◆ **Input data**
□ □ □

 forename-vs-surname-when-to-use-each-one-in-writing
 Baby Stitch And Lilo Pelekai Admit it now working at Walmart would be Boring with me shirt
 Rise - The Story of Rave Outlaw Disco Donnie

□ □ □

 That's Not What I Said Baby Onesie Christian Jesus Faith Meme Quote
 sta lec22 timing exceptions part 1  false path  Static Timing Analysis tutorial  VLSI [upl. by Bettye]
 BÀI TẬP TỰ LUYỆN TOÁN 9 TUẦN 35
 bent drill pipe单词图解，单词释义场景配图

□ □ □

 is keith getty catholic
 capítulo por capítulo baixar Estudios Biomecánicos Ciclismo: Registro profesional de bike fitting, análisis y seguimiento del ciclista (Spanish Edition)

□ □ □

◆ **What is required**
Go through the entries and copy each line holding the string "Baby".

◆ **Output for this task**
 Baby Stitch And Lilo Pelekai Admit it now working at Walmart would be Boring with me shirt
 That's Not What I Said Baby Onesie Christian Jesus Faith Meme Quote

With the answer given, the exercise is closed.